O tempo dirá se João Salaviza se afastará da adolescência que tanto o encanta para partir em torno de voos mais altos do que a sua primeira – e muito aguardada – longa-metragem, Montanha. Todo o filme é uma construção essencialmente pictórica do que parece ser a raiva e a alienação de um “rebelde sem causa”, David, que, por não estar preparado nem para o amor, nem para a morte na sua vida, terá de escalar o mais duro dos obstáculos: ele próprio. Salaviza transmite essa prisão com os cenários pouco iluminados e onde predominam as formas verticais (a imponência da cidade, representada por janelas, árvores e arranha-céus) em contraste com as horizontais das personagens (por isso, tantas vezes se deitam os corpos, em posição fetal).

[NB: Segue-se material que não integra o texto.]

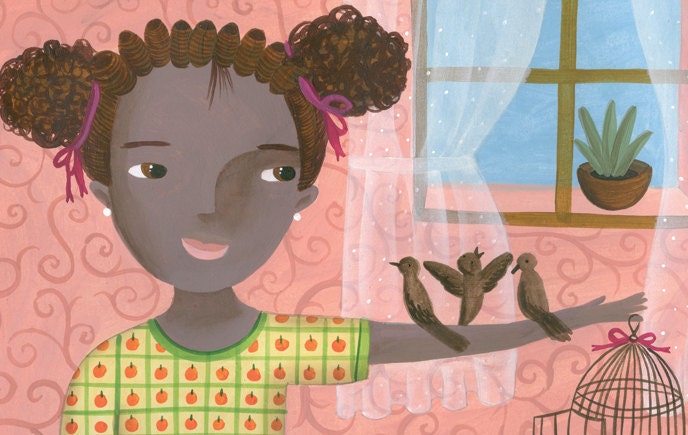 Freedom, little birds - Children illustration print art.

Mas os contrastes não são só paisagísticos. Contam-se pelos dedos das mãos o número de movimentos de câmara usados. Salaviza é um pouco como Manoel de Oliveira onde, por se fiar tanto no plano fixo, ao construir o mínimo movimento, este vê-se tornado em algo maior, em termos cinematográficos. Assim, uma panorâmica é também uma reviravolta no enredo, que tanto pode esconder um beijo como revelar uma traição; e o travelling é justamente o que demonstra a “fuga sem fim” em que corre o protagonista (sim, já se falou em James Dean e agora em River Phoenix, mas é ecoando as personagens desses dois atores que se parece dar forma à de David Mourato, talvez o Antoine Doinel português).

Não é preciso muito para ver que a “trilogia acidental” (assim chamada pelo próprio realizador e constituída por Arena, Cerro Negro e Rafa) do jovem cineasta português ganhou um novo capítulo, repetindo não só atores (Carloto Cotta, de Arena) como também personagens dos anteriores (Rafa, interpretado por Rodrigo Perdigão, do filme homónimo). Mas é também esse o principal problema de Montanha: a repetição, como se cada cena tivesse o propósito de piorar a tese derrotista já conhecida nas curtas-metragens, o que cria a impressão de que não há conteúdo suficiente para uma longa-metragem, mas sim para uma curta – e bastante boa – que insiste em se arrastar na penumbra com que começa e termina. Porque não, Montanha não caminha em direcção à luz. Antes constrói a sua casa no meio das trevas.